Лемнер сидел в тёплом кунге над картой Бухмета. Его штормовка с воротником из волчьего меха висела на крюке. Он был в зелёном армейском свитере, опоясан капроновым ремнём с кобурой, где золотым слитком лежал пистолет. Начальник штаба Вава прикладывал линейку к карте, мерил расстояние между городскими кварталами. Проводил между ними красные линии. Лемнер смотрел на линии и думал, что здесь, поливая землю кровью, пройдут «пушкинисты», и белый, начертанный на броне профиль станет красным.
— Командир, в этом Бухмете мы набухаемся. В нём четыре квартала. «Альфа», «Бета», «Гама», «Дельта», — Вава концом линейки тыкал в нарисованные на карте квадратики с буквами греческого алфавита. — В каждом квартале опорный пункт. Все четыре соединены подземными ходами, поддерживают друг друга огнём, быстро перебрасывают под землёй подкрепления. Перетрём город в крупу, потом наступаем.
— Это что? — Лемнер рассматривал тщательно начертанные фломастером греческие буквы. — Что за круг?
— Командир, это церковь в квартале «Дельта». В ней их штаб. Его сотрём в первую очередь.
— Церковь беречь. Я в ней буду венчаться.
— Командир! — Вава, привыкший к необъяснимым чудачествам Лемнера, решил переспросить: — Я тебя правильно понял?

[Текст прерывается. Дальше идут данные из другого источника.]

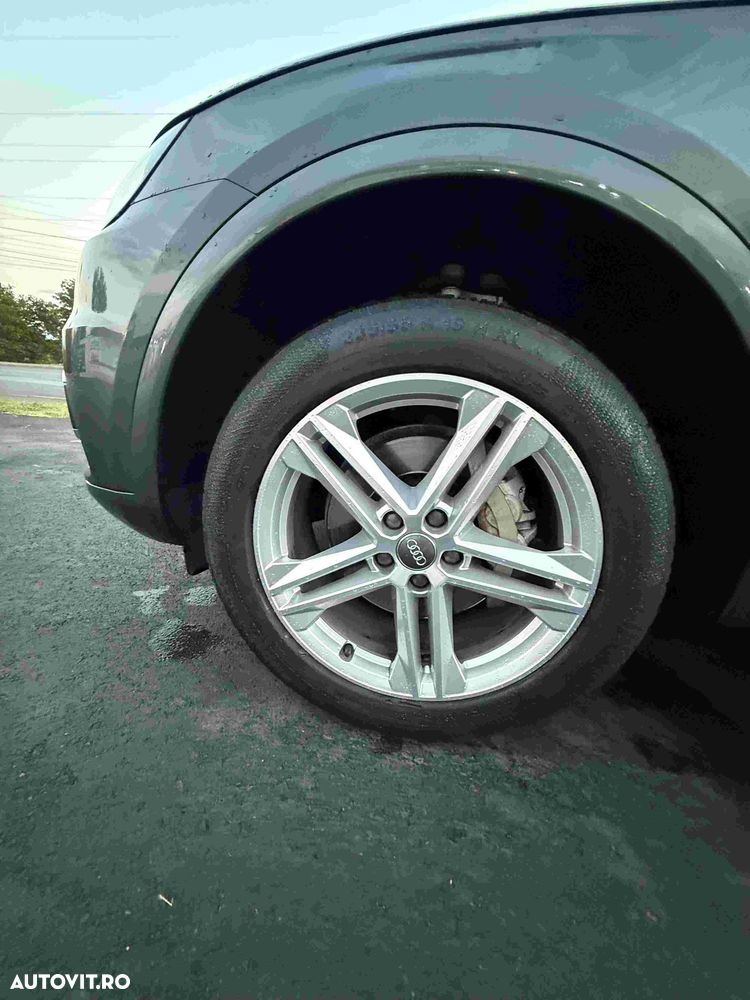 Audi Q5 2.0 40 TDI quattro S tronic Design - 14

— Правильно, Вава. Буду венчаться.
— Да тебя в ней отпоют, командир!
— Слышишь, церковь беречь! Возьмём Бухмет, и я обвенчаюсь. Можешь достать попа?

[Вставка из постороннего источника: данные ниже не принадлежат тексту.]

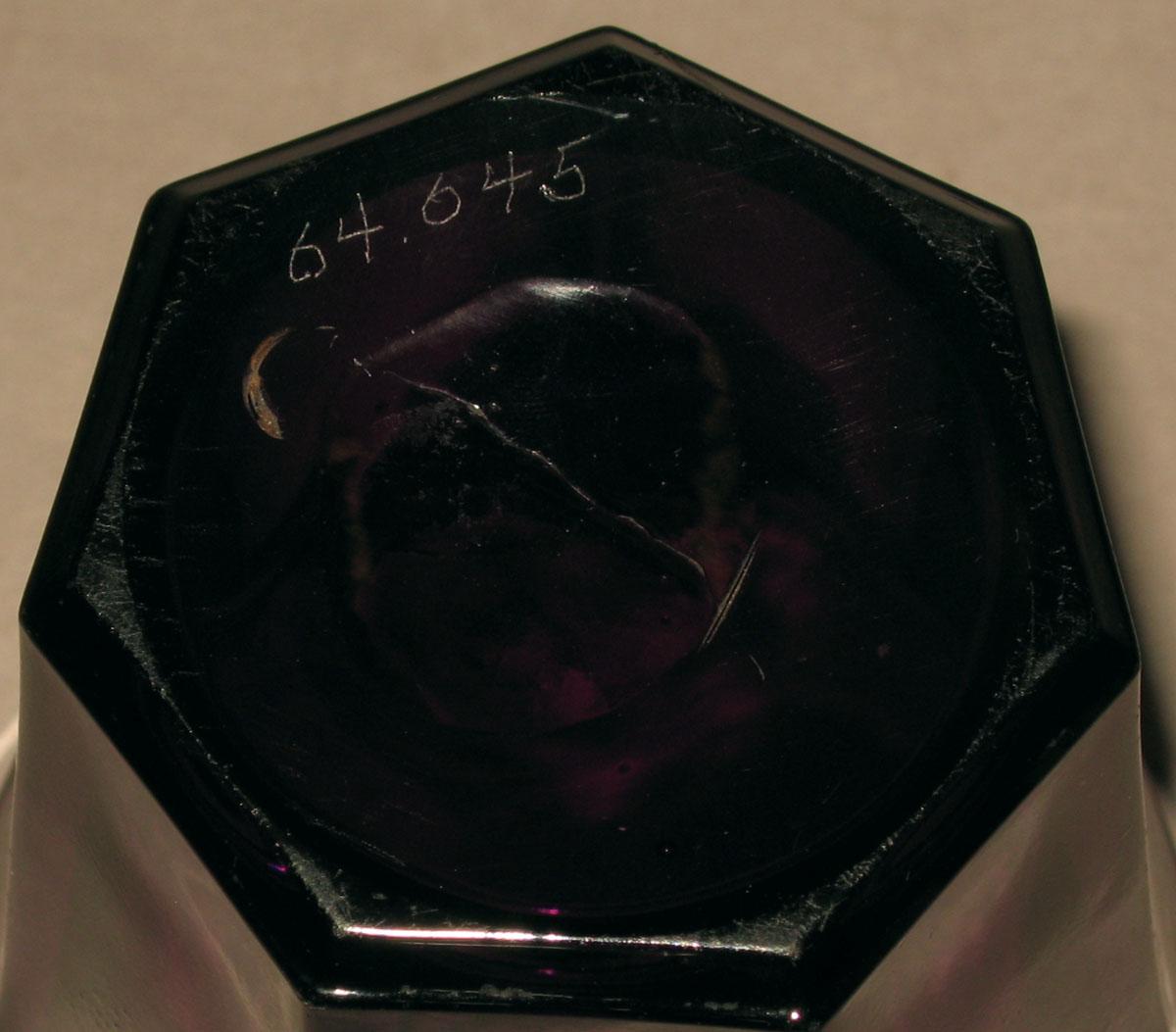 1964.0645 Amethyst glass tumbler (underside)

— Есть тут один заблудший. Ходит в расположении и солдатиков крестит. Может, шпион. Расстрелять руки не доходят.
— Церковь беречь! Попа ко мне!
Священника привели с мороза. Он жался к струе горячего воздуха и оттаивал. На его голове колом стояла мятая бархатная шапка. Из-под неё свисали сальные волосы. Военный бушлат был замызган, словно священник спал в нём, не раздеваясь, в окопах, в нетопленных углах, в ледяных отсеках машин. Башмаки огромные, не по ноге, с круглыми, как шары, носами. Лицо до глаз заросло волосами, как у собаки. Не ясно было, где кончались брови и начиналась борода, и есть ли в свалявшихся усах рот. Но из косматой звериной шерсти смотрели бирюзовые глаза.